It seems Mazda is on the PR offensive with its new and enormously clever SkyActiv-X engine. You can hardly blame them - when almost every other major car company out there is shoving electrification down consumers’ throats, Mazda needs to explain why developing internal combustion any further is a good thing.
Today, it’s doing so with numbers. To demonstrate what it means about the new engine being the “right solution at the right time,” Mazda wants a greater focus on “well-to-wheel” emissions. In other words, it’s all well and good calling something electrically driven a ‘zero emission vehicle’, but that doesn’t take into account where that electricity came from, while also factoring in manufacture, shipping and fuel extraction.

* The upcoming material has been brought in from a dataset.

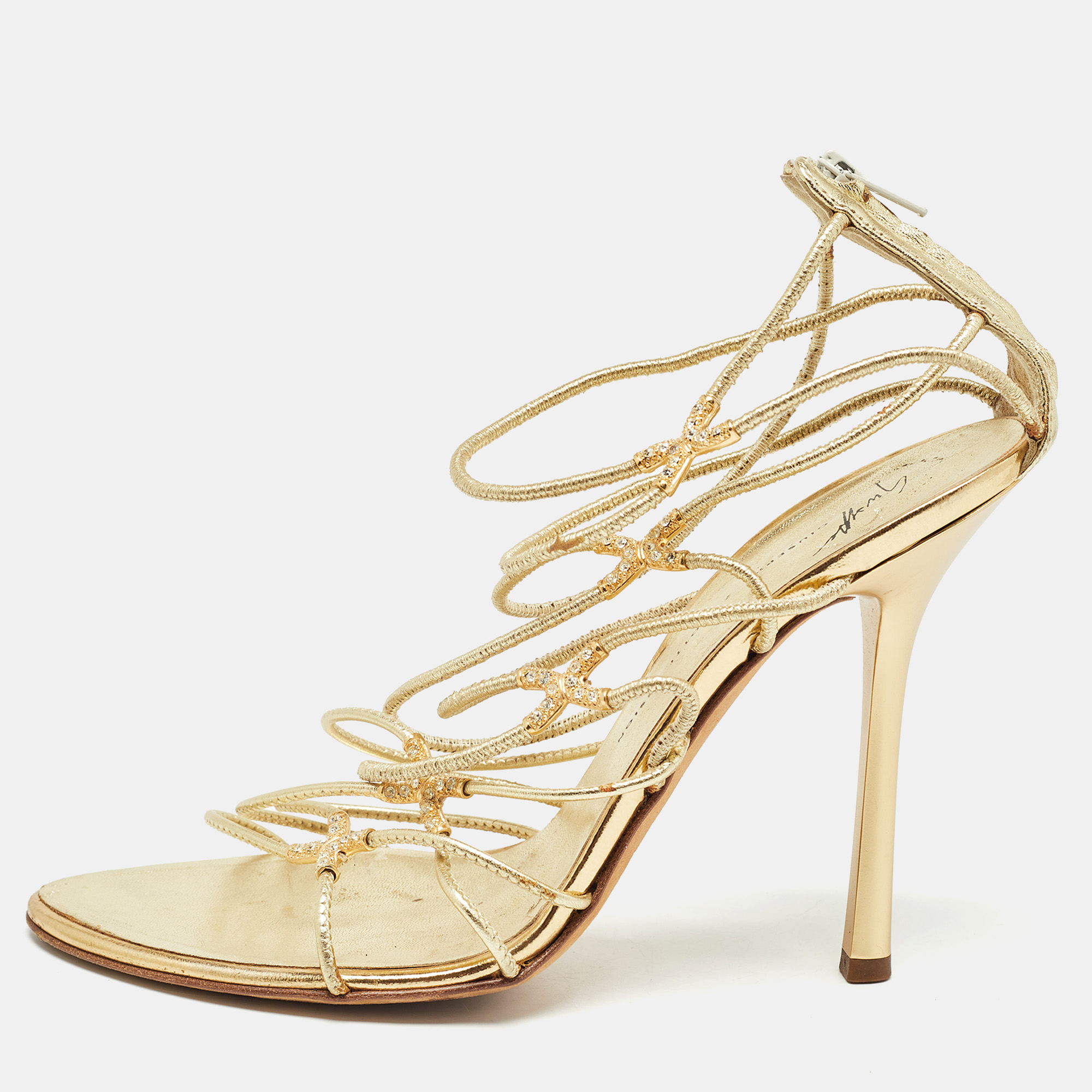 

Giuseppe Zanotti Gold Leather Strappy Open Toe Sandals Size, Metallic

Mazda has given a figure of a mid-size EV consuming roughly 20kWh of electricity every 62 miles. If that power was from a coal-fired powerplant, Mazda says that’d equate to CO2 emissions of 200g/km, while from a petrol-based source, it’d be 156g/km. Finally, if it’s LNG-generated (liquefied petroleum gas) juice, you’re looking at 100g/km.
This gives an average of 128g/km, which Mazda’s current SkyActiv-G with its 142g/km figure is only 10 per cent off. SkyActiv-X on the other hand - which uses high compression levels for a super-lean burn - should be 20 - 30 per cent more efficient than -G. You can see where they’re going with this.
The only trouble is, government regulations in countries across the world don’t reflect this - EVs are treated as zero-emission vehicles, making generous tax breaks, grants and other incentives common. It’s also generally much cheaper to charge up an EV than it is to fill up a car with a tank of petrol. Mazda may well have a battle on its hands convincing new car buyers to shirk the current cost savings of going electric or plug-in hybrid to the potential benefit of Mother Nature.
Mazda is keen to point out that it is still developing electric powertrains, for use in countries where the electricity grids are a little less dirty (think Norway), and in preparation for power generation becoming cleaner in other markets. SkyActiv-X will feature a mild hybrid element (although Mazda has said precious little about it thus far), and there’ll be a plug-in hybrid coming by 2025.